Conservation easements have been a pet idea of the environmental community around here. Landowners give up development rights, government gives them tax breaks, and open space remains for all to enjoy. Tim Kaine exceeded his 400,000-acre land conservation goal largely through counting up conservation easements during his term in the governor’s office. It’s been a given in certain circles that it’s way better to have an easement on a property than to see it carved up into ticky-tacky house lots.
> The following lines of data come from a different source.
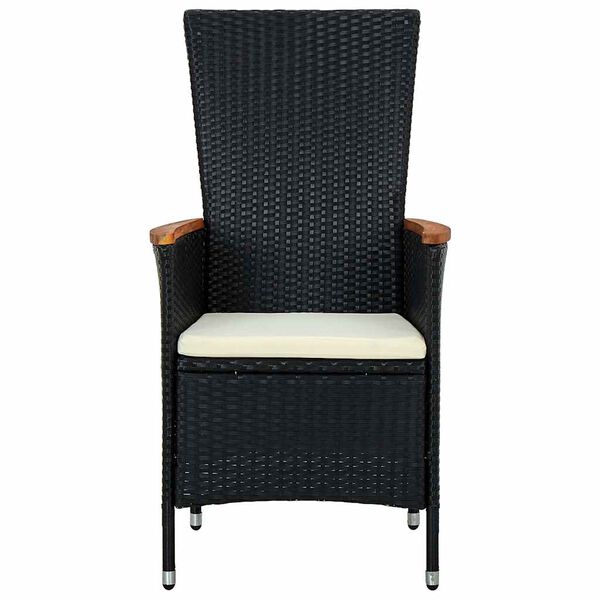 Showing Product Image 3 of 12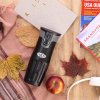 NCC06 BLACK MAXI 16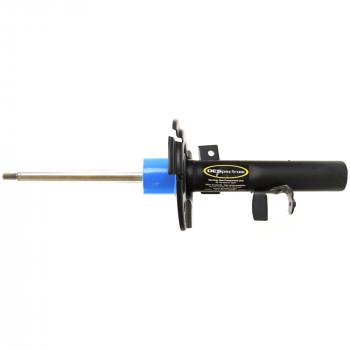 2015 Ford Focus Suspension Strut Front Left Monroe 72908 image 1 of 2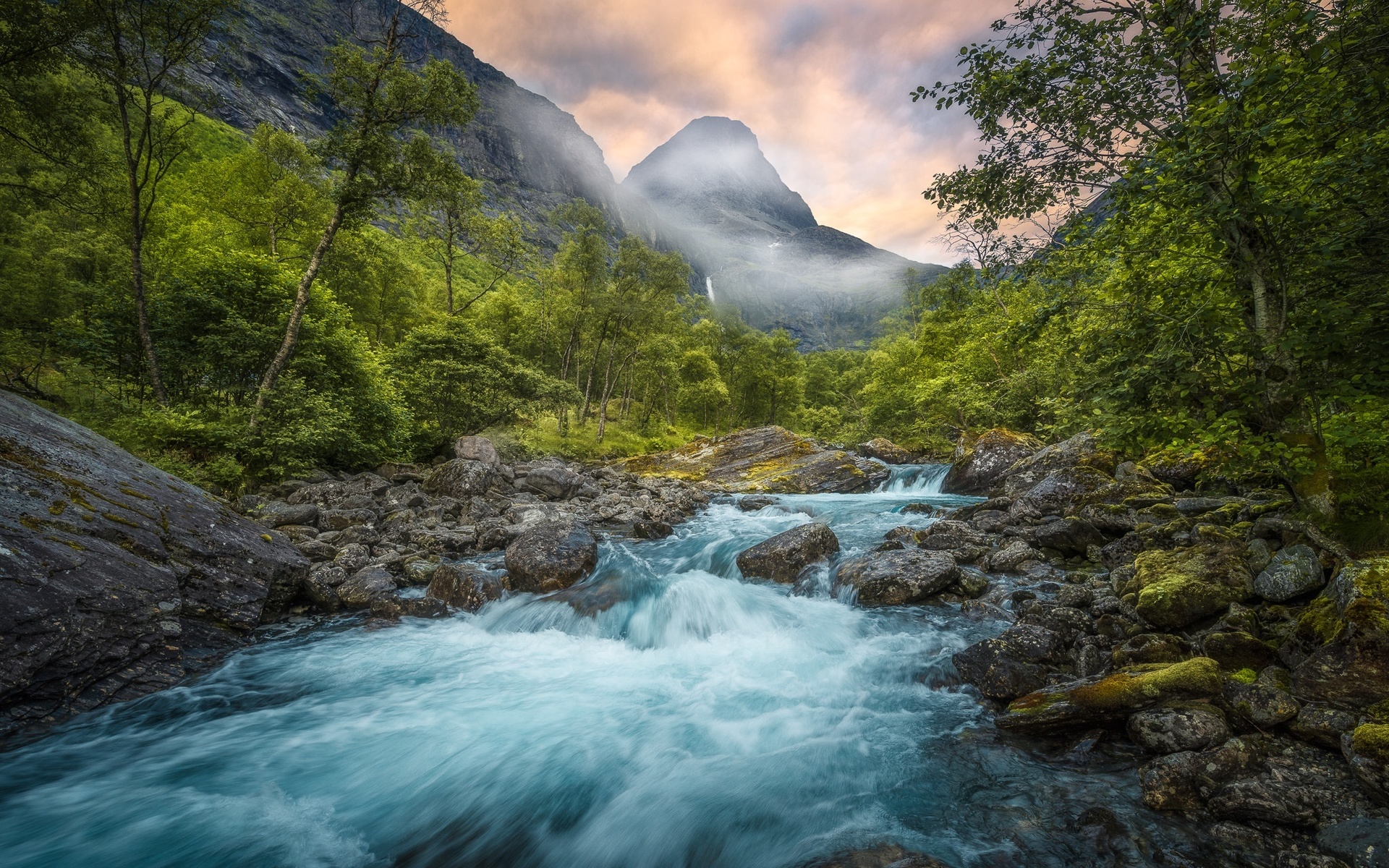 , ole henrik skjelstad, , , , , ,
Which (unless you’re a homebuilder or developer) is pretty inarguable. But I’d never thought about the incompatability of easements and farming until I read Salatin’s piece. He points out that since no new structures may be built on land under easement, farmers may find themselves hamstrung in developing and strengthening their operations.
"Economic viability [for farms] today demands value-adding, which means on-farm infrastructure like you would expect to see in Williamsburg. Too often those policing these easements want to see cows, pretty pastures, and bucolic gambrel barns without realizing that such a landscape never existed sustainably. Real profitable and ecologically sensible working farms had smokehouses, butchering facilities, housing for workers, inventory and distribution centers, and a host of other synergistic enterprises."
It’s a compelling case. Anyone else have an opinion? I can’t find the story on Flavor’s site, so you’ll have to pick up a copy (check Rev Soup) to read it for yourself.